◆ Task: For the entries below, state how many lines contain the string "together". Add nothing else.

(Records from a collection)
□ □ □ □

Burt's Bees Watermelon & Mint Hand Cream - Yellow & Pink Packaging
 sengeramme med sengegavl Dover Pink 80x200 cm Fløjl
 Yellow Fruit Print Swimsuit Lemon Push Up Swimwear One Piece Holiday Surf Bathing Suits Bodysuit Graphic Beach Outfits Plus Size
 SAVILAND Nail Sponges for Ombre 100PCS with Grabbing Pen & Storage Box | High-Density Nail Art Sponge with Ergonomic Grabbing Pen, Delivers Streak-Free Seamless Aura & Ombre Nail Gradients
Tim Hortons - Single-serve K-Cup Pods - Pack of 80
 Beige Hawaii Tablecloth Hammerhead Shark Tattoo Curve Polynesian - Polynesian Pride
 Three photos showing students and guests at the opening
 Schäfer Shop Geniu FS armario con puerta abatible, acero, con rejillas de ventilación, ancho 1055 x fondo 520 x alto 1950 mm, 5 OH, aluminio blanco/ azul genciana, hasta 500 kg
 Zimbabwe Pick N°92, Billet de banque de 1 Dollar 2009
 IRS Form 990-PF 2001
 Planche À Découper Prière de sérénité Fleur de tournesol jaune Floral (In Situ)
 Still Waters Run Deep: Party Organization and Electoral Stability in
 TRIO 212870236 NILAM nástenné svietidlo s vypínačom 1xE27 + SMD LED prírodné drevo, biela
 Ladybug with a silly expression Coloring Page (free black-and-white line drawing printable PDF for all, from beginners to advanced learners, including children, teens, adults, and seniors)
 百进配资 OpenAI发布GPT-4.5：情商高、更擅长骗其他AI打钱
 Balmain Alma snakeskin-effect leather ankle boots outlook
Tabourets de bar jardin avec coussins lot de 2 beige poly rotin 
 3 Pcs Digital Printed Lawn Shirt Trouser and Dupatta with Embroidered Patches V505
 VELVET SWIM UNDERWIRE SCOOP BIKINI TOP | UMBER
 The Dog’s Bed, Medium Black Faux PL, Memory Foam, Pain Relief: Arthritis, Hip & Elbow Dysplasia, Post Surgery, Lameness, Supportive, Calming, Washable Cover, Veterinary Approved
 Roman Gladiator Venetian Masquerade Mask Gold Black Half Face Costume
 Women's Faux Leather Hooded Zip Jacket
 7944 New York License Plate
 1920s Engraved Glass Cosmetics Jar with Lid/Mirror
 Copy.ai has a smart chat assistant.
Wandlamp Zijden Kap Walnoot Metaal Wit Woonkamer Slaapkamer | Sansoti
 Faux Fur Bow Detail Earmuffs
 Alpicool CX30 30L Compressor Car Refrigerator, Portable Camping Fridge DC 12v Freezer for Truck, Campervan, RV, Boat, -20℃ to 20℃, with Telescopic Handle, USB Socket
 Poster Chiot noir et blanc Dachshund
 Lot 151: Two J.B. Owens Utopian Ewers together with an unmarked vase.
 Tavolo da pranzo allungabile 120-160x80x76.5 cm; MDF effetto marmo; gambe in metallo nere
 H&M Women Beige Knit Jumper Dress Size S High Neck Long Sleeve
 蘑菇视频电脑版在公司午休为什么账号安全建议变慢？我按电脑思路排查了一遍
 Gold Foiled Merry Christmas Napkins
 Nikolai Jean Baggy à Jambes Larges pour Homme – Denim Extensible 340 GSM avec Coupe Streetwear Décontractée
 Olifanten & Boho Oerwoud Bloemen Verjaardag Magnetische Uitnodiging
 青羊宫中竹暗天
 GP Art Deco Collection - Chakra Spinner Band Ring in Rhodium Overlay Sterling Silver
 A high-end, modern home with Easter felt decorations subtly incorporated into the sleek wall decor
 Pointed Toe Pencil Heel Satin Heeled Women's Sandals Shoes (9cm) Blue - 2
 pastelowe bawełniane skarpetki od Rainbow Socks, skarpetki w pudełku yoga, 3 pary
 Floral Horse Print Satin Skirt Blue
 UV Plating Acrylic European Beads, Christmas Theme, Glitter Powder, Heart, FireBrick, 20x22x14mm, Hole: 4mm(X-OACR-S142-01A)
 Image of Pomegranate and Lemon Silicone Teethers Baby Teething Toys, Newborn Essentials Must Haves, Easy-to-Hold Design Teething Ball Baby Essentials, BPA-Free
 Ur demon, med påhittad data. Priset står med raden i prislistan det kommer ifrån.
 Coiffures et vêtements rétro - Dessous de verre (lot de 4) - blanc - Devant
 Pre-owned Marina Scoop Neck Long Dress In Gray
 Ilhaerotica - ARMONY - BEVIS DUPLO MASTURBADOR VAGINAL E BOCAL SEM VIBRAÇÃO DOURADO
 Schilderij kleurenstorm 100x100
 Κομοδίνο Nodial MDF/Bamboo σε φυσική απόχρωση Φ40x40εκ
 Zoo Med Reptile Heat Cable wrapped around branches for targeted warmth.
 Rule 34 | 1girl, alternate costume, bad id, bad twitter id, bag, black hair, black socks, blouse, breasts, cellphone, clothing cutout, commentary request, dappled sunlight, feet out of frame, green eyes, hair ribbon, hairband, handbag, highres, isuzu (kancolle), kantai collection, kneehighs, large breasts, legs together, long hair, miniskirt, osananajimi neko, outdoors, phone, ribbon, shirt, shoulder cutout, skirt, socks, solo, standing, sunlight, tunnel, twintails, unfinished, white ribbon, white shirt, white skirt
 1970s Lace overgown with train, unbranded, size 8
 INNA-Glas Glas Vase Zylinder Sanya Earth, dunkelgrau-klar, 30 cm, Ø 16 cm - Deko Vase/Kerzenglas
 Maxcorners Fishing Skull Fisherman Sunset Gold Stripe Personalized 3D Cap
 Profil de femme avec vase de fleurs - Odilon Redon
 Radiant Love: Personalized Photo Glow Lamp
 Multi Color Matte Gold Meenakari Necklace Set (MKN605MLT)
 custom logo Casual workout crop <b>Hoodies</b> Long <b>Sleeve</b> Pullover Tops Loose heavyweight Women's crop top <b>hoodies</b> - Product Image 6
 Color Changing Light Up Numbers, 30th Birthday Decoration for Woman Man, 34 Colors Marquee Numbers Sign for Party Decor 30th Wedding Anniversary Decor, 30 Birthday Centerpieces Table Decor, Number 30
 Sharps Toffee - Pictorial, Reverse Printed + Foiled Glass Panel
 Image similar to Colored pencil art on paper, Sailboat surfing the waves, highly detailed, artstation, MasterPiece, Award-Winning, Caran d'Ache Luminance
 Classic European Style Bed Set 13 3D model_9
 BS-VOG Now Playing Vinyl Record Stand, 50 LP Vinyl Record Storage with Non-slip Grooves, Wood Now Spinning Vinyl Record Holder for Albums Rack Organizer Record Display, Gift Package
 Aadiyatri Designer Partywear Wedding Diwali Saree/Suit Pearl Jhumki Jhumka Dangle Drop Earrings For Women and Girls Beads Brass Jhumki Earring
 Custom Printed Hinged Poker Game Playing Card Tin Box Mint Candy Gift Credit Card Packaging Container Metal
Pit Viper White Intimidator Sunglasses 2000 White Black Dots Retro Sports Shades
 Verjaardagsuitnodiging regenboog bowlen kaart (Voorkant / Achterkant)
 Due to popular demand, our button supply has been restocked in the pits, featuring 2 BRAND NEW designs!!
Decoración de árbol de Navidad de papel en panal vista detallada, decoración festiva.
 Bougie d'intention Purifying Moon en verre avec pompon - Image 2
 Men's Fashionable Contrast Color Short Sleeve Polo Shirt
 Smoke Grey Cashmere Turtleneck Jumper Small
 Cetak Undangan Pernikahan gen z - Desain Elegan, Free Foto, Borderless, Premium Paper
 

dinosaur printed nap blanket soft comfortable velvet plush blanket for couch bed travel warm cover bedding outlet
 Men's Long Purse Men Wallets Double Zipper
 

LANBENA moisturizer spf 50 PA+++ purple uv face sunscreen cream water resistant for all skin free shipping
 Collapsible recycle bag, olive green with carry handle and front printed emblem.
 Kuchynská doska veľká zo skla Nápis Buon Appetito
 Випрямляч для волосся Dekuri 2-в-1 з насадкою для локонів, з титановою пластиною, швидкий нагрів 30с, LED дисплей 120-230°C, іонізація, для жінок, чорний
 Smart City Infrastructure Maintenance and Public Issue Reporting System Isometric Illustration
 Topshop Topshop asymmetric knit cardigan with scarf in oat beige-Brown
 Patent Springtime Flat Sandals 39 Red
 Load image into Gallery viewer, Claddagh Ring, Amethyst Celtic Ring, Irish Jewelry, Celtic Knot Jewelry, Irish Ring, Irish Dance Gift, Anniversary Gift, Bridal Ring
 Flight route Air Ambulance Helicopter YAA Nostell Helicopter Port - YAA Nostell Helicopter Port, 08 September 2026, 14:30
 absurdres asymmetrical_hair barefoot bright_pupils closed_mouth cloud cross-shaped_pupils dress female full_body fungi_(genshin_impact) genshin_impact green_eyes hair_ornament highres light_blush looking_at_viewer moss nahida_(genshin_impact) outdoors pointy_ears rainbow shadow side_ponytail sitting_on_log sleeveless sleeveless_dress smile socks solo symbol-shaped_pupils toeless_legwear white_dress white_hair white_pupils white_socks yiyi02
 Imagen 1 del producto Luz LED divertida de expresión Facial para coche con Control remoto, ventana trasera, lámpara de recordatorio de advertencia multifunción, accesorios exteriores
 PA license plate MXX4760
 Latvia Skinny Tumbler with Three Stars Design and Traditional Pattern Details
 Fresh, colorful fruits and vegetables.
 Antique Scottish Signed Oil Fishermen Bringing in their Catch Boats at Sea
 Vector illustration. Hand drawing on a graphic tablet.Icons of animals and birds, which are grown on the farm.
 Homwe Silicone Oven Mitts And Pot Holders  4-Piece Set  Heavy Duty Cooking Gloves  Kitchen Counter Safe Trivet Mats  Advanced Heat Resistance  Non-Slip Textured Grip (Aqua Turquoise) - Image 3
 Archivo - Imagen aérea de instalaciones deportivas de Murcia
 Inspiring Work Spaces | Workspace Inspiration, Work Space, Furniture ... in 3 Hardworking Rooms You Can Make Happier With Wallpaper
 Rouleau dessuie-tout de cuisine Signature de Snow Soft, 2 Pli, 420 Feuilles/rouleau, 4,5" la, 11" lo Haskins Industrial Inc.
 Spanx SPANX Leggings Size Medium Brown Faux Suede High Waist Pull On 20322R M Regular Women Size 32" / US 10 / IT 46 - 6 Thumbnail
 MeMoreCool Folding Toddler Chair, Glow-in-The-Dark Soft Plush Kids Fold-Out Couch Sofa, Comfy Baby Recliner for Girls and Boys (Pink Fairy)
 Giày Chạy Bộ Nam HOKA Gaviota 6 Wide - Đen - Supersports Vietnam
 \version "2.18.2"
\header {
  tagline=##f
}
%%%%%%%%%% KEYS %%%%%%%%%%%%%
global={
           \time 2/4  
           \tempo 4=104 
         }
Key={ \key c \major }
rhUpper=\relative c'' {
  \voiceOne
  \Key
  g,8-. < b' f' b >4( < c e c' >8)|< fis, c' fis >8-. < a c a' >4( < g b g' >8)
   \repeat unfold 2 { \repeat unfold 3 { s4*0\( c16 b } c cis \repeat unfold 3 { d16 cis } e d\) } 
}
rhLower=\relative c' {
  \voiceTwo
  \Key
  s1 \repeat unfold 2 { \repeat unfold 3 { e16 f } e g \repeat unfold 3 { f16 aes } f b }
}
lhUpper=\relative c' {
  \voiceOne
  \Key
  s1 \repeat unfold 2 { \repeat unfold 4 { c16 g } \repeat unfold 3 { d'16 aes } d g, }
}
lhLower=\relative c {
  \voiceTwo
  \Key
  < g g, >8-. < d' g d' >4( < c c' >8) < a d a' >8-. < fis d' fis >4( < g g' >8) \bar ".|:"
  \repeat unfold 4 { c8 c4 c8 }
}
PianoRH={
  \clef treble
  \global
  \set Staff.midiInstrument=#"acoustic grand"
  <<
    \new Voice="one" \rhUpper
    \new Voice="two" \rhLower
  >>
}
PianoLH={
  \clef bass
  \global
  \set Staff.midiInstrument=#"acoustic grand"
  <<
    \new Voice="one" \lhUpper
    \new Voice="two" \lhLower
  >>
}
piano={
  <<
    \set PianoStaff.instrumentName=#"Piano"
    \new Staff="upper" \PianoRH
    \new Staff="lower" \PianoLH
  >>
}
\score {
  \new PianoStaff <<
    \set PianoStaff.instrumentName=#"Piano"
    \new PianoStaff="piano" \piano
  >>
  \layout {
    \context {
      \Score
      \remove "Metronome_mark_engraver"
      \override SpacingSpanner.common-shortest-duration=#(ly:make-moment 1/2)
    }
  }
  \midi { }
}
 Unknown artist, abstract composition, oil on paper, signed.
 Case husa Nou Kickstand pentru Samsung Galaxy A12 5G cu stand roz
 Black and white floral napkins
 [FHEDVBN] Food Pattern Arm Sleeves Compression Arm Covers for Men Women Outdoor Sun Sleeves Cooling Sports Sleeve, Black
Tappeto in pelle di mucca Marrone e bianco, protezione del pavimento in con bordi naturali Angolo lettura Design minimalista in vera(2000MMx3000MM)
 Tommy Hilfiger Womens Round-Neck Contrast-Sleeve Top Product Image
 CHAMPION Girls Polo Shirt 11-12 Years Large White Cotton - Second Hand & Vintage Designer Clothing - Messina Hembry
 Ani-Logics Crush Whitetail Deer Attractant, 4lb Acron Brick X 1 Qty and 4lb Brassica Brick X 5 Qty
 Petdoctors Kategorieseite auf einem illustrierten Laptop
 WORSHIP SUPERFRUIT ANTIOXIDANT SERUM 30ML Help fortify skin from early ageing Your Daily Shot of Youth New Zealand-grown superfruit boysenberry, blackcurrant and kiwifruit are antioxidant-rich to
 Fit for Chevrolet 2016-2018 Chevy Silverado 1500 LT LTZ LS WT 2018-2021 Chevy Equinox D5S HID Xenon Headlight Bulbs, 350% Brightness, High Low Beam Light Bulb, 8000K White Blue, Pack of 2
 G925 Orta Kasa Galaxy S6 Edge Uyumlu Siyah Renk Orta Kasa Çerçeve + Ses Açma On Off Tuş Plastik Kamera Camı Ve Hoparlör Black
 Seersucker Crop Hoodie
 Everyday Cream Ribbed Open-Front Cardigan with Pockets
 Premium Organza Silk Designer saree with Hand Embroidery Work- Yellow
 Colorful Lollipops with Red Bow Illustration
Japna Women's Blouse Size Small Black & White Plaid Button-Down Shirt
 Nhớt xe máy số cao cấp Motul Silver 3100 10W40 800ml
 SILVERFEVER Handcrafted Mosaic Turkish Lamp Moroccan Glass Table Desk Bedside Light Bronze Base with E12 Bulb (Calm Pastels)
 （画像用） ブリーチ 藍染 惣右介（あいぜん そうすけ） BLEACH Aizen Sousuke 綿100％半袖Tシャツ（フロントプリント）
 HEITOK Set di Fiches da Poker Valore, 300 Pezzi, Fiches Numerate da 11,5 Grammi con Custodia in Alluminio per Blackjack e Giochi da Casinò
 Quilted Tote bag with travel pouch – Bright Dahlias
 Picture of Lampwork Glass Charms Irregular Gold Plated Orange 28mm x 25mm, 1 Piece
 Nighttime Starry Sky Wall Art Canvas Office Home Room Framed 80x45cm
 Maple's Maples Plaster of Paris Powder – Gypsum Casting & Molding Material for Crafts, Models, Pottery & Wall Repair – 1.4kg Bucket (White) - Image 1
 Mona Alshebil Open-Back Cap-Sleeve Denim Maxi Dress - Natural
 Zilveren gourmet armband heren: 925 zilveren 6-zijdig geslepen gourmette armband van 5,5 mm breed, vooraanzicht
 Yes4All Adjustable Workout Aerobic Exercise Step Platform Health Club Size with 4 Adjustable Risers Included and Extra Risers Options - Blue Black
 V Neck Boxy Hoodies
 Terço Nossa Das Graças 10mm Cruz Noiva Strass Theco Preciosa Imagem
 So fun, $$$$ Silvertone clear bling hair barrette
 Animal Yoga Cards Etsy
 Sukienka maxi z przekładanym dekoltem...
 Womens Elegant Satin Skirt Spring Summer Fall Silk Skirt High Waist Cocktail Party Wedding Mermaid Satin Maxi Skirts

□ □ □ □

◆ The answer: 2